British-born, Australian-raised Naomi Watts should put a patent on her American accent because it’s perfect.  Ever since nailing the role of a tortured actress in David Lynch’s Mulholland Drive, Watts has gone against the grain by shunning the limelight, aging naturally and beautifully, and carefully choosing roles over the past decade that put her in a position where she can constantly challenge herself and work with the best directors.  She’s keenly maneuvered the big studio system while keeping one foot firmly placed in the world of independent and avant-garde filmmaking.  Continue reading

A Review of Woody Allen’s “Vicky Cristina Barcelona”

“I’m famous for my intolerance.”, 21 August 2008
9/10
Author: David H. Schleicher from New Jersey, USA

Vicky (a neurotic and sexy Rebecca Hall) and Cristina (a neurotic and gorgeous Scarlett Johansson) are two American tourists in Spain examining their differing views on love in Woody Allen’s breezy and alluring Vicky Cristina Barcelona.  Amidst a tempestuous summer in Barcelona, the ladies are both seduced by a free-thinking painter (a perfect Javier Bardem) whose own life is complicated by his still passionate relationship with his ex-wife (a devastating Penelope Cruz, who has never looked more beautiful).

Much like the change from New York City to London invigorated Allen in Match Point, this vacation to Spain has revived some of the director’s more artistic aspirations.
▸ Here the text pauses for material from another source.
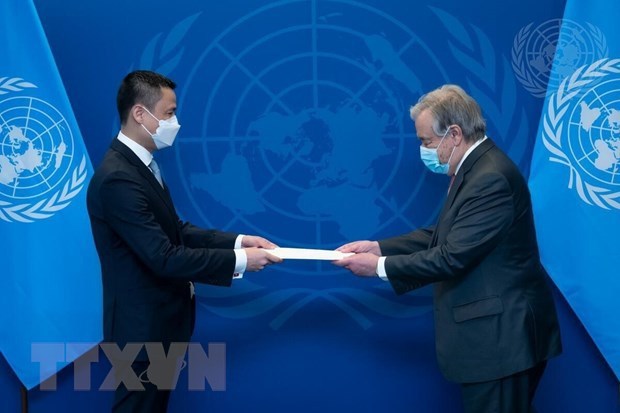 Генеральныи секретарь ООН: Вьетнам – надежныи партнер hinh anh 1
The scenery is postcard perfect but drenched in that same dizzying lushness that made Allen’s view of NYC so intoxicating in Manhattan. The churches, the homes, the art museums, the countryside, the intimate city streets and touristy details make you feel like you are visiting Barcelona along with Allen and his cast.

There’s also sharpness to the trademark Woody dialog that has been missing for quite some time. Like all of Allen films, this one is endlessly talky, but there’s some great subversion when certain lines that seem like throw-aways actually pack a punch when given a second thought. When Bardem first attempts to talk Johansson’s character into bed, he says something clichéd about her being hard to please. Quick witted, Johansson replies, “I’m famous for my intolerance.” She says it casually, but it packs a bite as it’s the complete antithesis of her character’s outward desire to be someone who rallies against cultural norms, and she presents herself as someone who is easy-going and tolerant of all.

Allen also displays a keen sense of pacing when he creates tension in his build up to Cruz’s appearance after her character is endlessly talked about but never seen until about half way through the film. When Cruz finally arrives, her moody whirling dervish of a performance is the perfect spice to liven up the soupy proceedings. Her seething, fiery line readings combined with looks that could kill make her the front-runner for Best Supporting Actress at the Oscars.

The baseline archetypal characters are essentially clichéd, but the way in which Allen handles all of their interpersonal relationships is fairly sophisticated and entertaining even when it grows absurd. There is of course that kiss between Scarlett and Penelope but also some moments of Lynchian-lite when Allen photographs the brunette Hall and blonde Johansson similarly to make them seem like they are two sides of the same woman. There’s even more weirdness when die-hard Woody fans realize that in some perverse way Scarlett Johansson’s character is the “Woody” part–as in any film he does not star, there is always one character who represents the part he would’ve played had he been in it. However, film buffs will enjoy some of the nice touches like when Hall and another go to see Hitchcock’s Shadow of a Doubt (one of my all time favorite films) or the repetitive use of a Spanish guitar in the soundtrack whenever Bardem and Hall get together. But then there’s the mostly unnecessary voice-over narration that fills in expository gaps and shows Allen can still be a lazy tactician.

Woody Allen has always been an acquired taste, even more so in his latter years when he sometimes forgets how to provoke, but his fans should be delighted with this latest European flavored effort. In the end, you’ll feel like Javier Bardem is the luckiest man in the world, Penelope Cruz is operating at the echelon of her appeal, and Rebecca Hall and Scarlett Johansson, well, they’ll always have Barcelona.